** SOURCE INFORMATION follows **
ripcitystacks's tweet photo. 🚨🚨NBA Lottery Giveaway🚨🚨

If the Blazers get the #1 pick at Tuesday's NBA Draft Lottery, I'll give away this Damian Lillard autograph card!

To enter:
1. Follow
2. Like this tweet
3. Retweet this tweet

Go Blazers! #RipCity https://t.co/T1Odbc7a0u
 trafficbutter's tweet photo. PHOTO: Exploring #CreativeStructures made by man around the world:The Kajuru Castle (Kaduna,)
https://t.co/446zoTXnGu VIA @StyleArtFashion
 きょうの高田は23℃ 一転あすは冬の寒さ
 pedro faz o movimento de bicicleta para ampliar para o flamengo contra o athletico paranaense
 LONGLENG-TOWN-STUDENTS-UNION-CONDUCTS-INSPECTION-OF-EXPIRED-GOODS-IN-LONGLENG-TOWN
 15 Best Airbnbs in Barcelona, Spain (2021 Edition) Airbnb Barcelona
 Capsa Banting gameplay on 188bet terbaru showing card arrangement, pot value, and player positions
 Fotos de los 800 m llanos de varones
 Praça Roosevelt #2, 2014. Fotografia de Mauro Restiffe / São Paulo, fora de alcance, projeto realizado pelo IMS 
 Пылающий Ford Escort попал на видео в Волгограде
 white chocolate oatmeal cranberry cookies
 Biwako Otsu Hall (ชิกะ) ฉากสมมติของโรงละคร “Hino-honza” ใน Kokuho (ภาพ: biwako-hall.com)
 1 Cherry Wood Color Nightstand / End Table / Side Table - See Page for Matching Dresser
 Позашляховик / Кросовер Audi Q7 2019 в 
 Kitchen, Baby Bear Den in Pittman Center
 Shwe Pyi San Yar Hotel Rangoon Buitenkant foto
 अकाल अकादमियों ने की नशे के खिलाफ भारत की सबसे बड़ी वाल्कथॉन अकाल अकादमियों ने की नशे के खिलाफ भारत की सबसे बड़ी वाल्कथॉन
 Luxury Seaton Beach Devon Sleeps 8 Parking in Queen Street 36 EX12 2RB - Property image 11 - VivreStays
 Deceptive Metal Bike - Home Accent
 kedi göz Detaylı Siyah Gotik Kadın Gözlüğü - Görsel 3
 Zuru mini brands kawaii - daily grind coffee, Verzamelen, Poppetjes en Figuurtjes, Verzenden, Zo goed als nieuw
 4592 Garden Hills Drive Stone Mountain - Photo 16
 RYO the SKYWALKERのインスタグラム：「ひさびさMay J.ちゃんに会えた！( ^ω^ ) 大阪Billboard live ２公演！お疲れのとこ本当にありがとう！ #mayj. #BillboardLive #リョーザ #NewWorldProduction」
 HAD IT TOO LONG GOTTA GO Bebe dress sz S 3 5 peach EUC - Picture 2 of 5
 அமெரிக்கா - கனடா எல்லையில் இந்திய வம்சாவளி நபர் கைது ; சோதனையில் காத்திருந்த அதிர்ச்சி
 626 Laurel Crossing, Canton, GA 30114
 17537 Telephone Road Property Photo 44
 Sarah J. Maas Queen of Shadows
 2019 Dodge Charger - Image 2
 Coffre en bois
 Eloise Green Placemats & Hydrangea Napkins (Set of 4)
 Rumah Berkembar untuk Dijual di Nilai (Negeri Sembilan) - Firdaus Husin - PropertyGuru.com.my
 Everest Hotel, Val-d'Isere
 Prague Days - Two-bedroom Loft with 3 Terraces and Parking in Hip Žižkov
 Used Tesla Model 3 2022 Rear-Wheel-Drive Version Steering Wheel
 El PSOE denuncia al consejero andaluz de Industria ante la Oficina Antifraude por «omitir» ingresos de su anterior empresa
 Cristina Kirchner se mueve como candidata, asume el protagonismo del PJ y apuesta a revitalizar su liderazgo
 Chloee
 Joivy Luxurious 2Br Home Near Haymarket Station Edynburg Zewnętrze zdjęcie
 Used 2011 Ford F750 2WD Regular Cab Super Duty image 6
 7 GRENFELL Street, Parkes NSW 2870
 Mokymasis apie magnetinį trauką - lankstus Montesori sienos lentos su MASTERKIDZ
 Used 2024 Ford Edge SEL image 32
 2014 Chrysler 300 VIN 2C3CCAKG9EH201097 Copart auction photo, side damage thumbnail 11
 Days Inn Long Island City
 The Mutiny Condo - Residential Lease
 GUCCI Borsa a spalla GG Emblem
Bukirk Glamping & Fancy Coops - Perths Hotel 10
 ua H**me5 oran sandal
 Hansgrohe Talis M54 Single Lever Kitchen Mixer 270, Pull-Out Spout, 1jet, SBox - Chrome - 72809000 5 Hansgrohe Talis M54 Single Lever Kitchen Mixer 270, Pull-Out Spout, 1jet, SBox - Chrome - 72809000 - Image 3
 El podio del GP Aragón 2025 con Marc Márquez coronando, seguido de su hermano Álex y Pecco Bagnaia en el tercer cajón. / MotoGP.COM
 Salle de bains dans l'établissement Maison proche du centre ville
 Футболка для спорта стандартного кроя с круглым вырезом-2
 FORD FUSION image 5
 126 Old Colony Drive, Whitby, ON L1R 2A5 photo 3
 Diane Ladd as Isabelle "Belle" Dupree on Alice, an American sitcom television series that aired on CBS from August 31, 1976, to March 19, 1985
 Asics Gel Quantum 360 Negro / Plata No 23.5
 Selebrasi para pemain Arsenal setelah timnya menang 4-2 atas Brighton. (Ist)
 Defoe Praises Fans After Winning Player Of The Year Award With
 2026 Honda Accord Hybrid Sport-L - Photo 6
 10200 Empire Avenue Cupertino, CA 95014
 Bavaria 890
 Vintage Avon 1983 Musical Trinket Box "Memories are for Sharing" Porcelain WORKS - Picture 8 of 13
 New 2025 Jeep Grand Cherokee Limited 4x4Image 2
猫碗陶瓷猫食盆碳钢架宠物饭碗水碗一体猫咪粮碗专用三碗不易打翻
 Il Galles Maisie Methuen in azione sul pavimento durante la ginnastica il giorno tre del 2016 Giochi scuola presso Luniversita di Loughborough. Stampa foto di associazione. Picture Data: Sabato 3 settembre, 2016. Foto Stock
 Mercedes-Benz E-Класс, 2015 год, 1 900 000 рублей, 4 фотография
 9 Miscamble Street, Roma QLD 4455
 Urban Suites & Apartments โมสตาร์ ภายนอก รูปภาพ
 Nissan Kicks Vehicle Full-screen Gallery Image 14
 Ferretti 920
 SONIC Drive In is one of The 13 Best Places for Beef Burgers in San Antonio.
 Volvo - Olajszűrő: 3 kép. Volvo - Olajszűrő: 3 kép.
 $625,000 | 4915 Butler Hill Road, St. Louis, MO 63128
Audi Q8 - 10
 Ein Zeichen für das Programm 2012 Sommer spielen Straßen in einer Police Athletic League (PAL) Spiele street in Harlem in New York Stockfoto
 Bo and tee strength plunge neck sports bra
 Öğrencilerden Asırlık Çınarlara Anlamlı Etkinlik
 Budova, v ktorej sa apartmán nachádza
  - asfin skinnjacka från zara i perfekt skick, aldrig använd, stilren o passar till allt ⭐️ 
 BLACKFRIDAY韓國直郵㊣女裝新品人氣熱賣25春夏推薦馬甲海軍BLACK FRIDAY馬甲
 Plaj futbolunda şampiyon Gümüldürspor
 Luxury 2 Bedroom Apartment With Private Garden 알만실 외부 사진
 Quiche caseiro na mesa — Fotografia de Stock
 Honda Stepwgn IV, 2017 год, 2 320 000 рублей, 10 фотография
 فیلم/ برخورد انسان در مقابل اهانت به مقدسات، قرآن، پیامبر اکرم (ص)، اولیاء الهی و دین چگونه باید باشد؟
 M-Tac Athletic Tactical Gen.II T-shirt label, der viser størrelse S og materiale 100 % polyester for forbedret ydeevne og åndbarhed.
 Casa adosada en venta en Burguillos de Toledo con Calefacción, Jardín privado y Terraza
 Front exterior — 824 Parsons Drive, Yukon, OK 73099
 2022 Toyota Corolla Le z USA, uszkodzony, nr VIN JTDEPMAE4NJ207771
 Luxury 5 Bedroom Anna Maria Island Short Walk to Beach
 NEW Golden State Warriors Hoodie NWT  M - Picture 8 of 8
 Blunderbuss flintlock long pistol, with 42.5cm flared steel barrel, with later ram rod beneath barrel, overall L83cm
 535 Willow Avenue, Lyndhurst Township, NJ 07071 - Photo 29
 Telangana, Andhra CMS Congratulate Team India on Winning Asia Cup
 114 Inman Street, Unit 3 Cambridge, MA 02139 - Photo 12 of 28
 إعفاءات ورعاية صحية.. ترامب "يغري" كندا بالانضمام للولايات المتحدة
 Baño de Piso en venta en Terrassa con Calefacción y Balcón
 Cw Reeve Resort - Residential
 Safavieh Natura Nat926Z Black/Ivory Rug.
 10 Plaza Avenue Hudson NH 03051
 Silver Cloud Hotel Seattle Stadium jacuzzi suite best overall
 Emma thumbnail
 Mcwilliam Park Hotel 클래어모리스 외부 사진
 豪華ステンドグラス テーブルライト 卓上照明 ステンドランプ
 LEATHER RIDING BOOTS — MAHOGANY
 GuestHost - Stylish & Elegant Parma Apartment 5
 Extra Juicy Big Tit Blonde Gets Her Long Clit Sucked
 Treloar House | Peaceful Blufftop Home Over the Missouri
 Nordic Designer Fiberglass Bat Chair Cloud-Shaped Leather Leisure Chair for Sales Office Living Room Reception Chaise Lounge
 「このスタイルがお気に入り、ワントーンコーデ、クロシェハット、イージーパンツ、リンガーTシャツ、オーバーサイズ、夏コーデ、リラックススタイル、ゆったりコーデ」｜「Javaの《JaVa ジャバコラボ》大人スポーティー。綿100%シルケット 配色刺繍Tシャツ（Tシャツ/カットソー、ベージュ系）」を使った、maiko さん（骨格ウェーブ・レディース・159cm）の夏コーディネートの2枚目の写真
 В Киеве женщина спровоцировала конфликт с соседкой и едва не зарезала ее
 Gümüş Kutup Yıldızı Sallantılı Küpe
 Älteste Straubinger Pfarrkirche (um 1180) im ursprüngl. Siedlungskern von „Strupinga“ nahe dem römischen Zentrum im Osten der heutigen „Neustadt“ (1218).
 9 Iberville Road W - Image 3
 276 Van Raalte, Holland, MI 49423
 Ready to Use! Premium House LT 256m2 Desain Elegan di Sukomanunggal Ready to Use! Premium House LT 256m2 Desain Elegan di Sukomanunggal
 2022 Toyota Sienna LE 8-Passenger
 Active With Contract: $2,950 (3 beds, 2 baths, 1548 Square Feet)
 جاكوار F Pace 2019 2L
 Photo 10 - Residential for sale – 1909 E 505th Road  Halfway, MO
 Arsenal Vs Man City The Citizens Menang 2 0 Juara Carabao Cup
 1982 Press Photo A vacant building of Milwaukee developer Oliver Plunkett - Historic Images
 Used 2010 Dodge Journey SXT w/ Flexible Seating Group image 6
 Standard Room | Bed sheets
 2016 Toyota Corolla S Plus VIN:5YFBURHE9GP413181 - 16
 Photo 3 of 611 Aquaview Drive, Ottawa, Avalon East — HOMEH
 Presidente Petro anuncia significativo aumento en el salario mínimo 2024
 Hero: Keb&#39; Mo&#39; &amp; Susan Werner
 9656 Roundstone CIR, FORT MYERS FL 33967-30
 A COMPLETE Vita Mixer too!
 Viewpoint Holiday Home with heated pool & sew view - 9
** End of SOURCE INFORMATION **
EXERCISE REQUIREMENTS.
From the records above, pull every line that carries the word "Residential".

TASK SOLUTION.
 The Mutiny Condo - Residential Lease
 Cw Reeve Resort - Residential
 Photo 10 - Residential for sale – 1909 E 505th Road  Halfway, MO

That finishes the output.